When the heart fails—really fails, far beyond that inaptly-named chronic condition called “heart failure” that people live with for decades—it’s a big, bad problem.

In cardiogenic shock, critically impaired cardiac function leads to low blood pressure leads to low tissue perfusion leads to reduced blood return leads to reduced coronary artery perfusion further reducing cardiac contractility … and on around again, until either the terrible cycle is somehow interrupted, or multiorgan failure occurs (potentiated by tissue ischemia, inflammation, and worsened hypotension from peripheral vasodilation), and too often death.

Even with excellent treatment, mortality from cardiogenic shock still approaches 50% at 30 days. Cardiogenic shock remains the most common cause of death for patients with myocardial infarction.

The management of cardiogenic shock continues to be dominated by convention and clinical experience, as almost all commonly used interventions lack robust supporting evidence from randomized trials.

New treatments—namely, the microaxial flow pump (Impella™) haven’t significantly improved overall survival, but can be lifesaving in some patients.

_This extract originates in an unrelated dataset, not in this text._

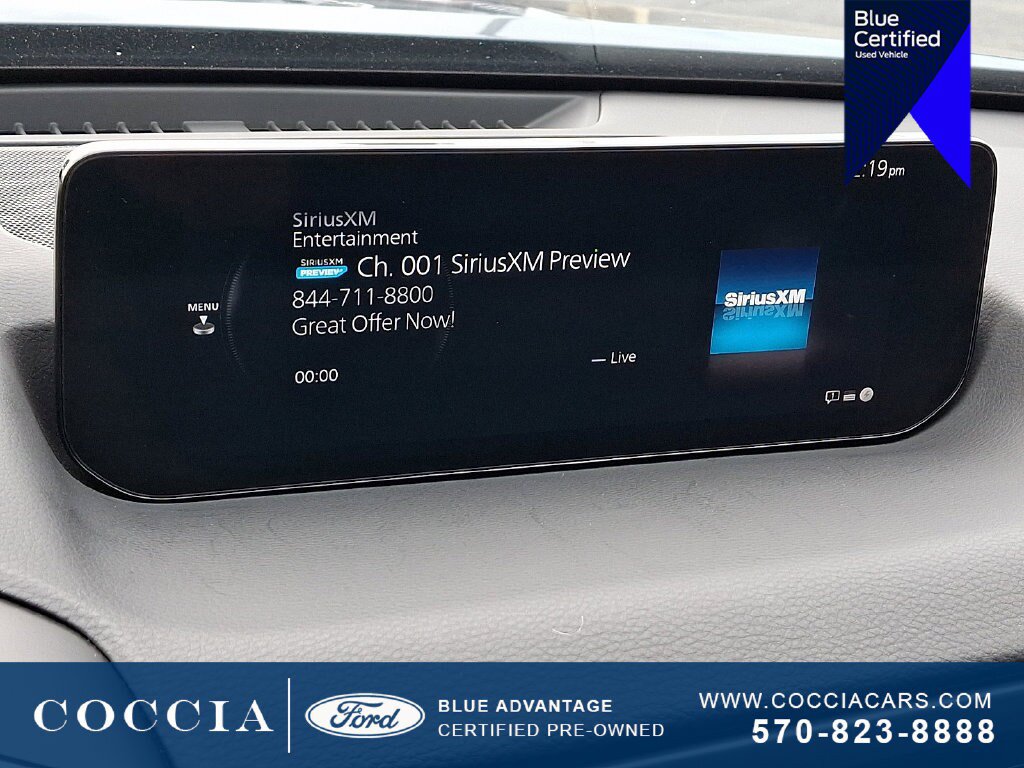 Used 2024 MAZDA CX-50 AWD 2.5 S w/ Cargo Package image 17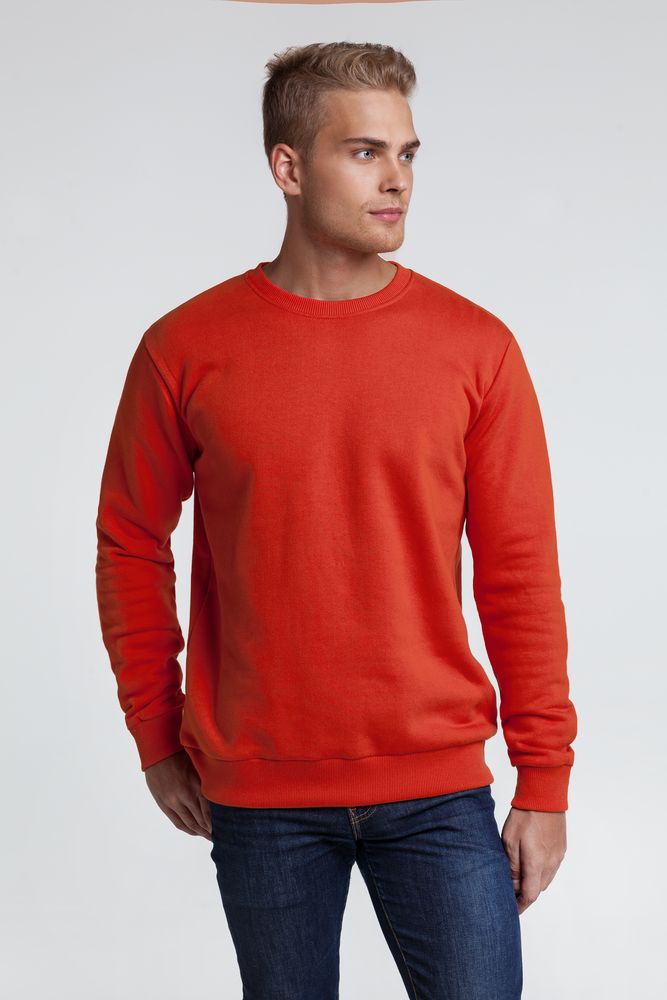 Толстовка Unit Toima Heavy, белая / Миниатюра WWW (1000)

Cardiogenic Shock Overview

Shock has been defined clinically as systolic blood pressure <90 mm Hg for a sustained period (e.g., 30 minutes) or a need for vasoactive agents to maintain that pressure, along with evidence of systemic hypoperfusion (e.g., cool extremities, lactatemia, encephalopathy, oliguria) and evidence of cardiac dysfunction on echocardiogram.

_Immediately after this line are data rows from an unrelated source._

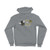 Be the Bee – Women's Zip Up Hoodie sweater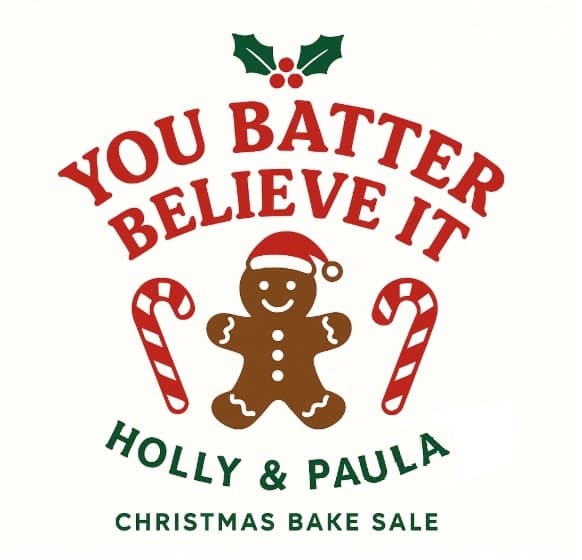 Stall media for You Batter Believe It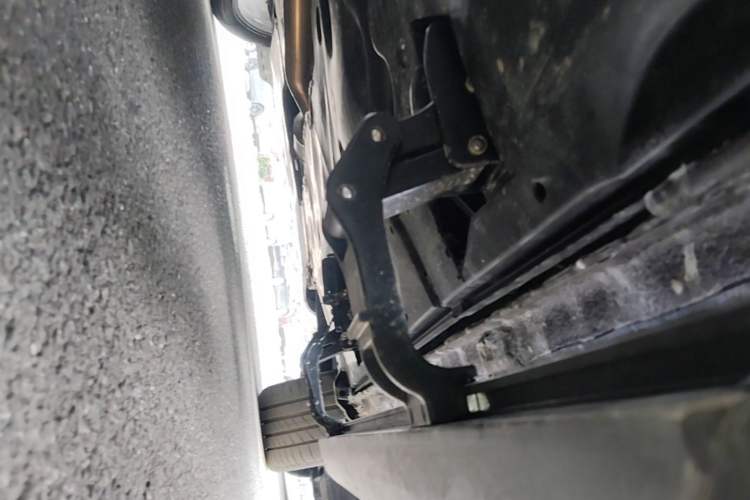 Used Volkswagen Teramont 2025 Tiguan Pro 450TSI Four-Wheel Drive Summit Edition Right Side Sill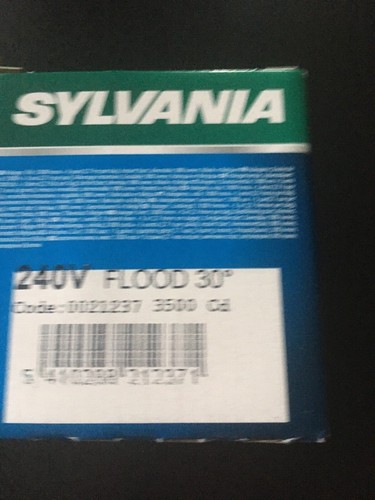 SYLVANIA Hi-Spot 95 - 100 W Halogen - E 27 - FLOOD 30 - warm white - Bild 4 von 6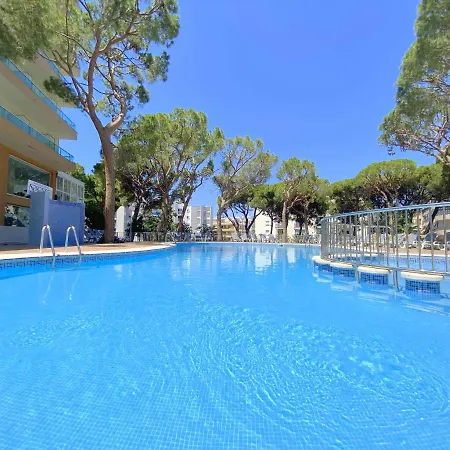 Apartment Rentalmar Blue & Pool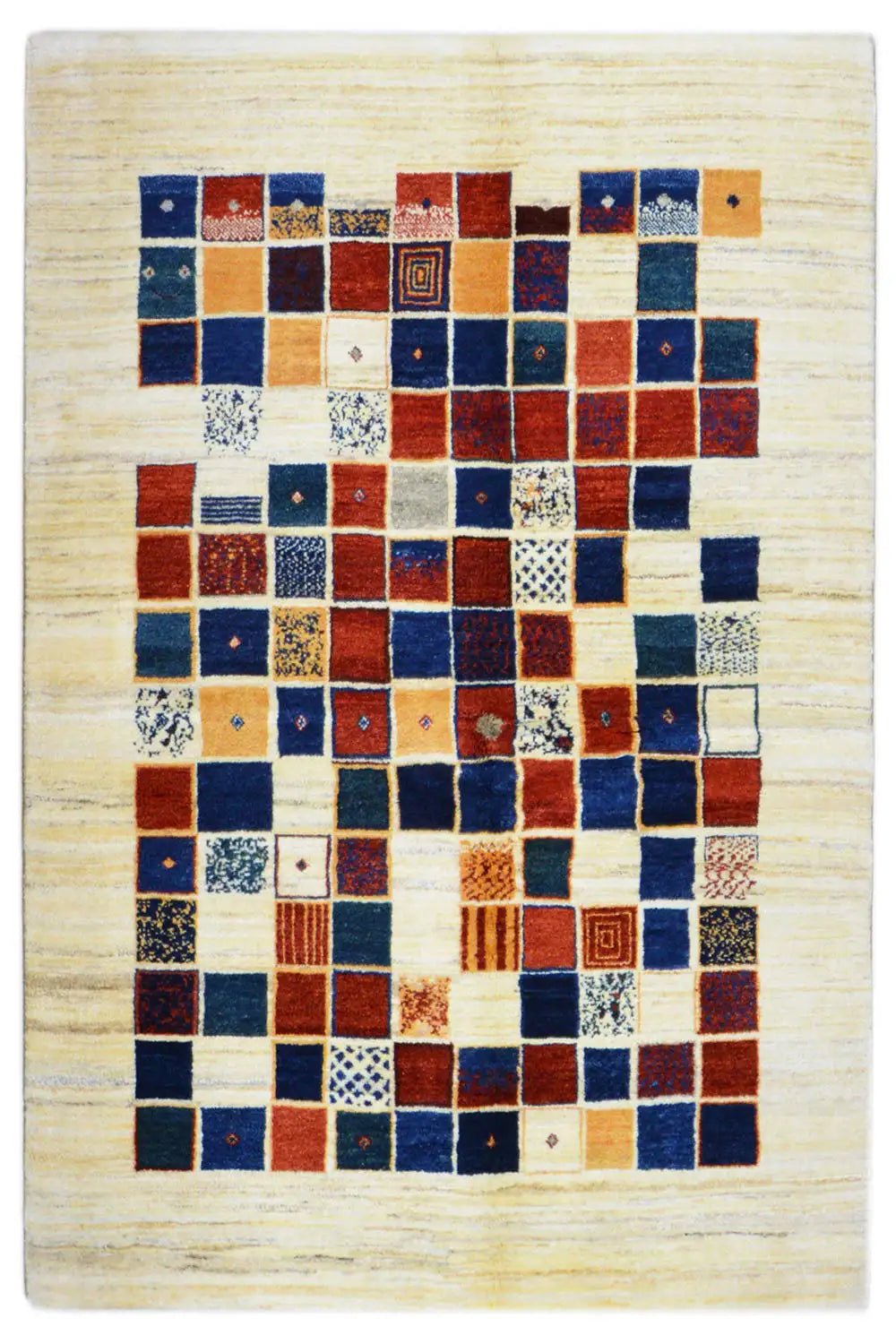 Gabbeh -(208x155cm) - German Carpet Shop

Low cardiac output (cardiac index ≤2.2 L/min/m2 ) and high systemic vascular resistance (>2200 dynes/cm/sec) are common in classic presentations, and (when measurements are available) can help differentiate cardiogenic shock from distributive (e.g., septic) or other forms of shock.

The age-old 2x2 schema categorizing shock patients by volume status and peripheral circulation is still relevant and applicable to cardiogenic shock patients:

The “cold/warm - wet/dry” shock schema. CI: cardiac index; SVR: systemic vascular resistance; PCWP: pulmonary capillary wedge pressure

Staging systems have been proposed, which rely in part on subjective interpretation of clinical status; they may add little to bedside clinical assessment and don’t provide reliable prognostic data at the patient level, but are commonly used in research settings and specialized cardiac care centers. The SCAI’s model, with grades severity from A (at risk) to E (in extremis) is in the widest use.

MI-related Cardiogenic Shock

Historically, ST-elevation MI was responsible for the majority of cardiogenic shock, and STEMIs still cause a large proportion of cases. Immediate revascularization is the cornerstone of therapy.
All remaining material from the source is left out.